Joining the ranks of forecasters who are slashing their 2006 Atlantic hurricane activity predictions, Andover, MA-based WSI Corp. downgraded its outlook Wednesday for the second time in two months. WSI said it now expects the tropical season to have 13 named storms, six hurricanes and three intense hurricanes (Category 3 or greater).
WSI pointed out that while these numbers are still larger than the long-term averages of 9.6 named storms, 5.9 hurricanes and 2.3 intense hurricanes, they are much smaller than last year’s record numbers. The devastating 2005 season witnessed 27 named storms, 15 hurricanes and seven intense hurricanes. As of the Minerals Management Service’s final report June 19, 2006, a total of 935.7 MMcf/d of Gulf of Mexico natural gas production was still off-line because of damage caused by hurricanes Katrina, Rita and Wilma in 2005. Since Aug. 26, 2005, a total of 803.6 Bcf of natural gas production has been deferred due to the storms, which equates to just over 22% of the annual gas production from the Gulf (3.65 Tcf).
WSI said its new forecast is “slightly” lower than the company’s original May outlook of 15 named storms, nine hurricanes and five intense hurricanes (see Daily GPI, June 1), and its July update of 14 named storms, seven hurricanes and four intense hurricanes.
“While we still expect a relatively active year compared to long-term averages, it appears that conditions are in no way similar to last year’s record season,” said WSI seasonal forecaster Todd Crawford. “Prodigious amounts of Saharan dust over the tropical Atlantic, along with stronger-than-normal westerly shear, appear to be suppressing tropical development this year.
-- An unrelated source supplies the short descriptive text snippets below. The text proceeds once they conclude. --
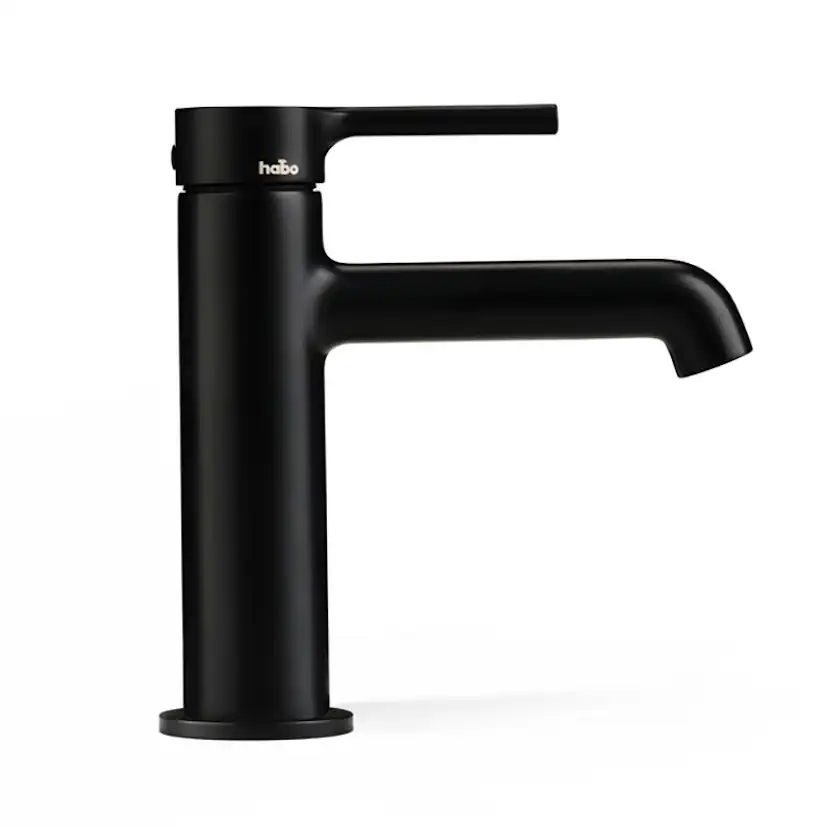 Tvättställsblandare Habo Peony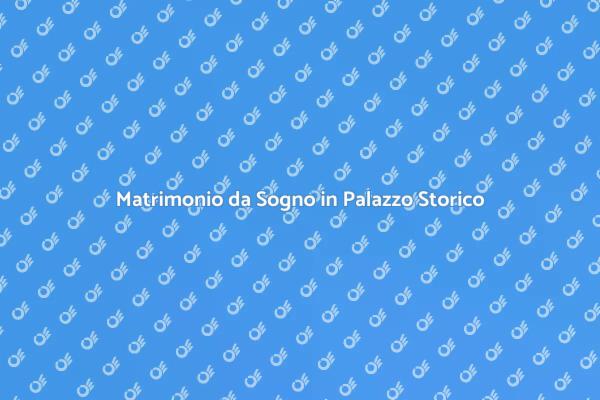 La Location Perfetta per il Tuo Matrimonio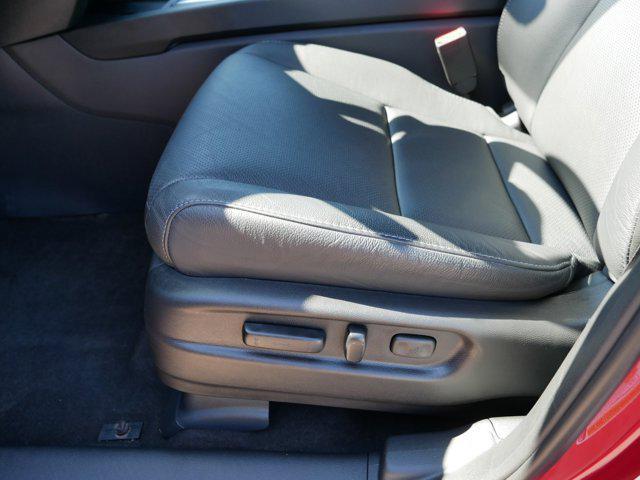 used 2024 Honda Passport car, priced at $36,796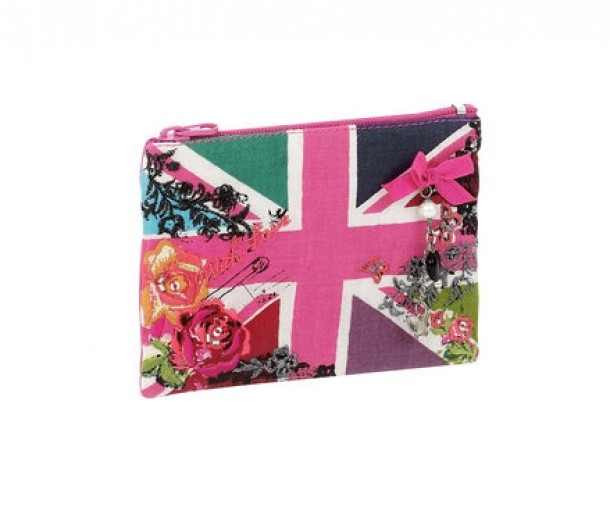 Accessorize - Union Jack Purse_43,5 Lei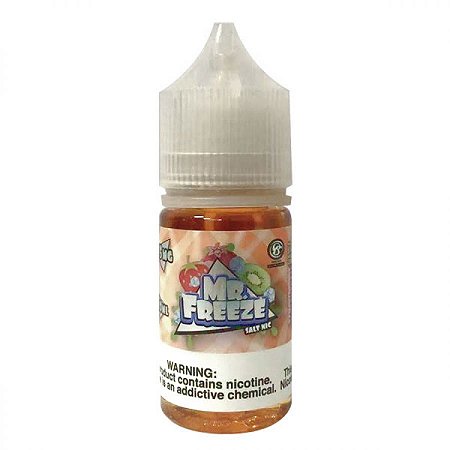 Mr. Freeze Salt Strawberry Kiwi Pomegranate Frost 30ml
On the other hand, tropical Atlantic Ocean temperatures are warmer than normal, so we do feel like the season will still run slightly above long-term averages.”
Late last week, Colorado State University (CSU) forecasters William Gray and Philip Klotzbach said they now expect there to be fewer hurricanes in the Atlantic in 2006 than during a normal season (see Daily GPI, Sept. 5).
Based on changing climate signals and below-average activity in the first third of the season, the CSU team is now calling for a total of 13 named storms to form in the Atlantic basin this season. Of these, five are predicted to become hurricanes and two are anticipated to evolve into intense hurricanes (Saffir/Simpson Scale Categories 3-4-5) with sustained winds of 111 mph or greater. The new forecast is down from the team’s already revised August forecast of 15 named storms, seven hurricanes and three intense hurricanes (see Daily GPI, Aug. 4).
As of Wednesday, the National Oceanic and Atmospheric Administration (NOAA) was still sticking with its revised August forecast of 12 to 15 named storms — of which seven to nine are expected to intensify to hurricanes, including three or four becoming major hurricanes (see Daily GPI, Aug. 9). In late May (see Daily GPI, May 23), NOAA predicted 13 to 16 named storms, with eight to 10 becoming hurricanes, of which four to six could become major hurricanes.